The first IDF consensus worldwide definition established criteria to identify metabolic syndrome in adults. In the mean time, the IDF Task Force on Epidemiology and Prevention has established criteria to identify metabolic syndrome in children and adolescents.
The first IDF definition of metabolic syndrome, which was launched 2005, had a waist circumference for Japanese people that was different from the updated 2006 definition.
- What were the references for the 2005 definition in Japanese women and men (the established cut-points were >85cm in men, >90cm in women)?
The values came from a report and based on data from Japan comparing computed abdominal tomography (CAT) and magnetic resonance imaging (MRI) to waist circumference. These are the official Japanese obesity figures. See: The Examination Committee of Criteria for ‘Obesity Disease’ in Japan, Japan Society for the Study of Obesity: New criteria for ‘obesity disease’ in Japan. Circulation Journal 2002; 66: 987-992.

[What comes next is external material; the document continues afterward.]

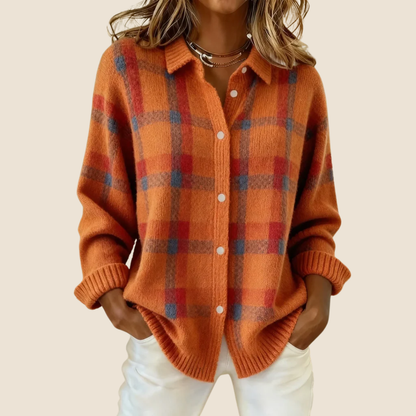Karierter Pullover Kragen für Frauen | Seraphine -1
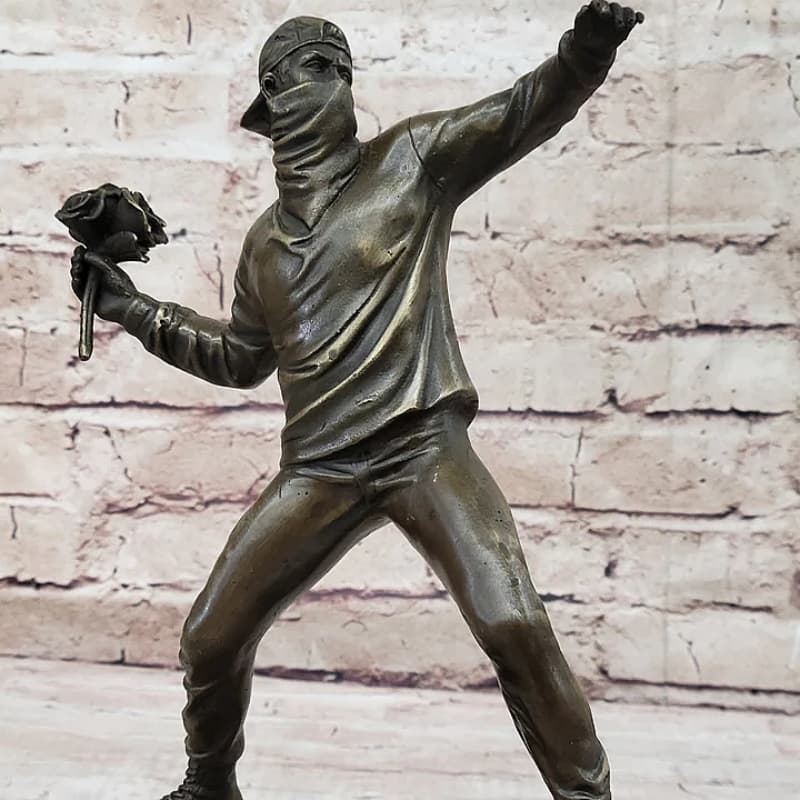 Contemporary Art Flower Thrower Bomber Metal Craft Life Size Bronze Banksy Sculpture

- Why were definition cut-points in Japanese women and men changed (to >90cm in men, >80cm in women)?
The official Japanese position is accurate if healthcare professionals and scientists only look at waist measurement as an accurate expression of visceral adiposity measured by computerized tomography. However, it would seem that revised Japanese values conforming with the rest of Asia best reflect the onset of risk factors such as heart disease and diabetes.
When the original IDF report was published, many people from around the world challenged the fact that the figures for Japan were significantly out of line with the rest of Asia, but they were the official Japanese obesity figures and remain the official Japanese policy as reported by the 'Committee to evaluate diagnostic standards for metabolic syndrome'.
However, there have been a number of recent publications which point out that the waist circumference figures for Japan, with respect to determining the risk of heart disease and diabetes, are similar to the rest of Asia.
On this basis, the IDF Task Force on Epidemiology and Prevention decided to deal with all of Asia in the same way until more data are available from other countries in the region. The Task Force intends to review all the data and information within the next 12 months to see what the final outcome would be. Computerized tomography is not always available, particularly in primary healthcare settings, and it may well be that within Japan there will be two positions depending on the availability of the technology.